ABSTRACT

In Canadian schools there is a continuing concern about issues of gender, the inequities between boys and girls (Canadian Council of Ministers of Education, 1994, 1995, 1998; Canadian Teachers’ Federation, 1990a; Rice and Russell, 1995), the gendered nature of school harassment (Canadian Teachers’ Federation, 1990b; Kaufman, 1993, 1997; Larkin, 1994a, 1997; Larkin and Staton, 1993; Ontario Secondary School Teachers’ Federation, 1994; Staton and Larkin, 1998), the need for discussions of gender in curriculum and pedagogy (Ellis, 1993; Robertson, 1992; Rogers, 1985, 1997), and the gendered nature of literacy (Blair, 1998; Blair and Sanford, 1999; Cherland, 1994; Gambell and Hunter, 1999; Ricker-Wilson, 1999; Wason-Ellam, 1997).
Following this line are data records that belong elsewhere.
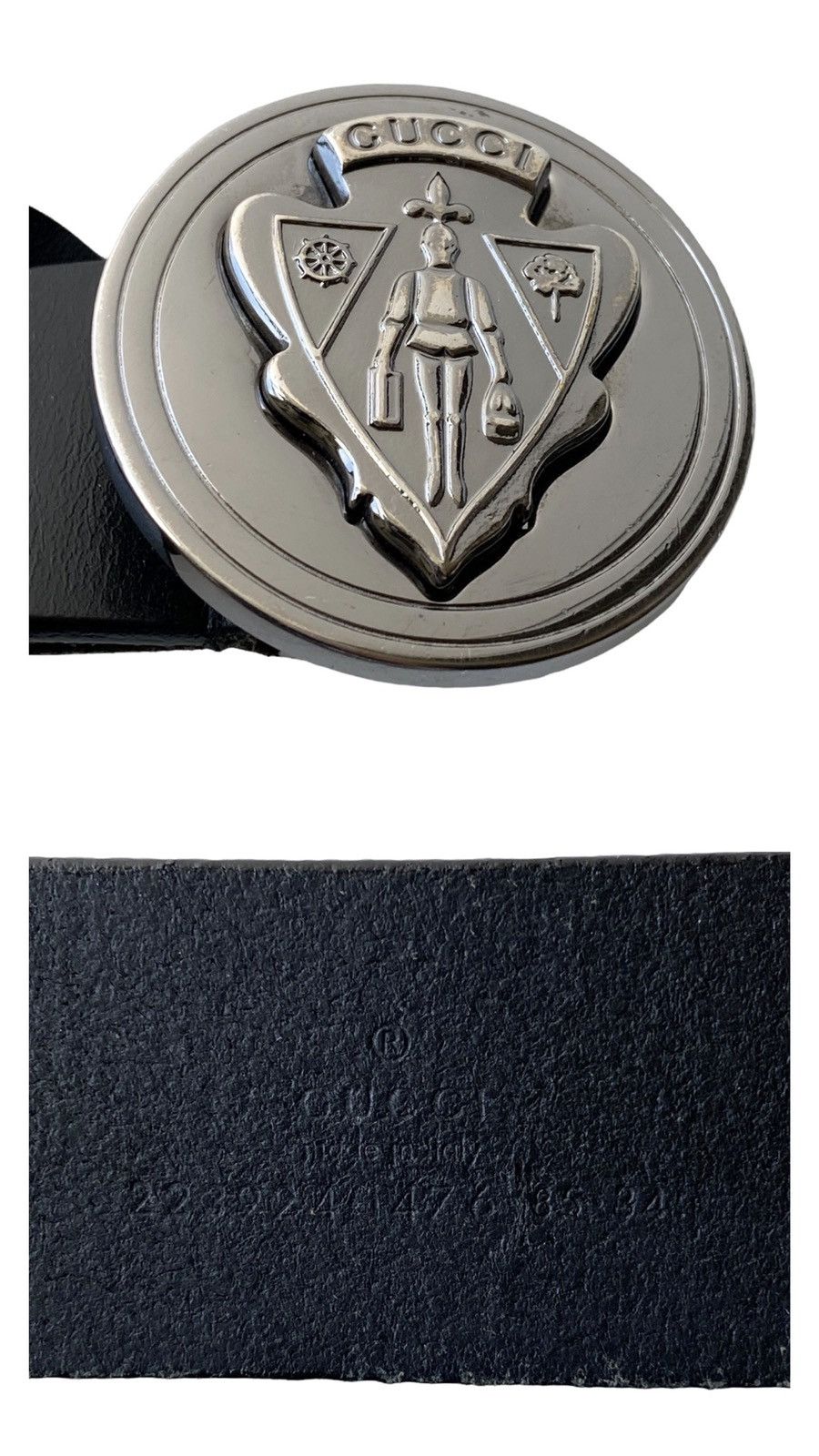 Gucci GUCCI Leather Calfskin Hysteria Belt 85 34 Black Size 30 - 2 Thumbnail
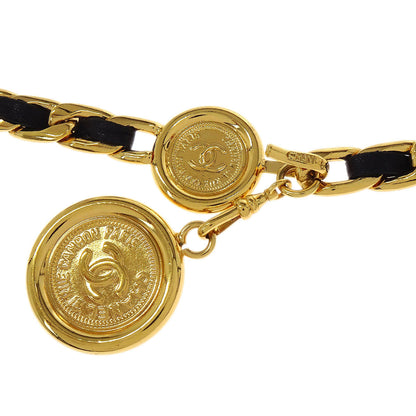 Chanel Medallion Chain Belt Black 95A Small Good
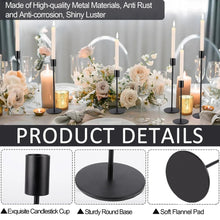 HIDAWN Matte Taper Candle Holders, 6 Pack Metal Candlestick Holders for Wedding, Dinning, Party
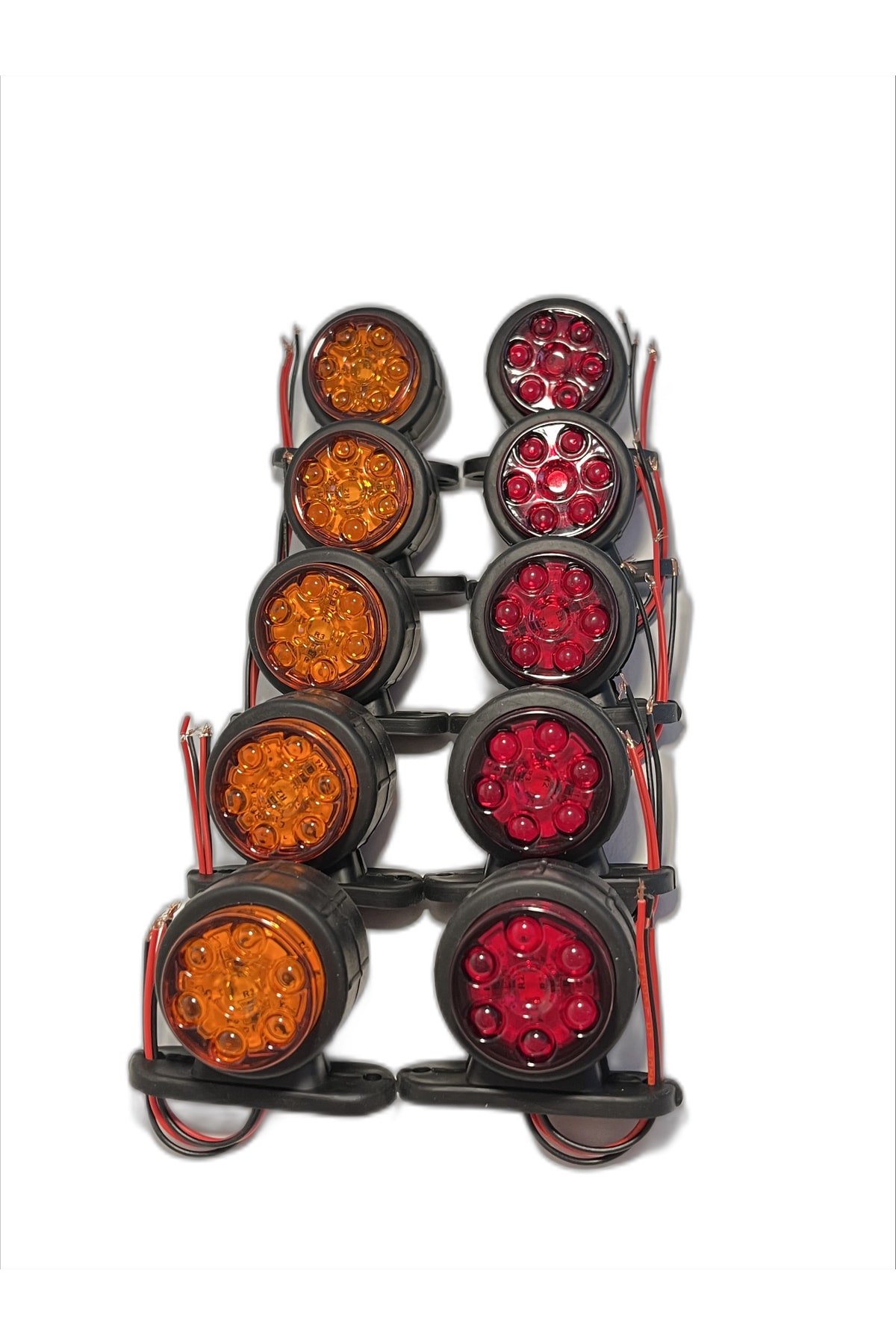 AHMET OTOMOTİV (10 Adet) Mercekli Mini Takoz 12 Ledli Sarı-kırmızı 12v-24v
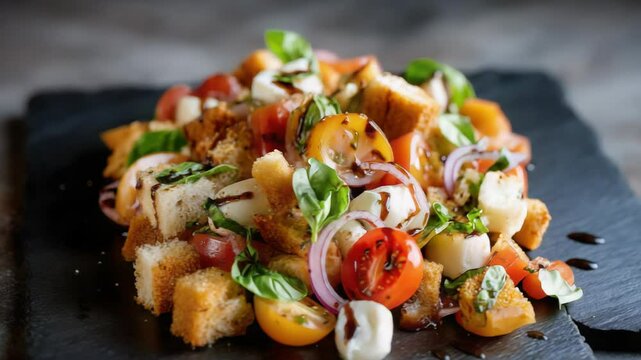 Freshly prepared colorful vegetable and bread crouton salad with cherry tomatoes, greens, and creamy dressing served on a dark slate plate for vibrant presentation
Yet in spite of the advances and the contributions of the feminist movement, of men's movements, research, and teacher development, issues of gender inequity continue to surface in public education. In this chapter we discuss schools as one context in the lives of adolescents where they are “doing gender” (Thorne, 1993), and schools involved in rearticulating what school, curriculum, and pedagogy could be for girls and boys. These are single-sex programs in Canadian public schools.